### ACTIVITY
Copy out again, unchanged, the line that contains "爆款短剧视频去重手法，让你99%过原创，亲测有效，附详细教程-第一资源库" and every line after it down to the last line of the data.

***** PROVIDED MATERIAL *****

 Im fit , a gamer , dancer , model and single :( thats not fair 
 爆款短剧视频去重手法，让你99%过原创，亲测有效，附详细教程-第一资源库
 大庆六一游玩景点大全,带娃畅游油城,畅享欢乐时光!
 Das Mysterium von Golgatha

*****

### EXERCISE ANSWER
 爆款短剧视频去重手法，让你99%过原创，亲测有效，附详细教程-第一资源库
 大庆六一游玩景点大全,带娃畅游油城,畅享欢乐时光!
 Das Mysterium von Golgatha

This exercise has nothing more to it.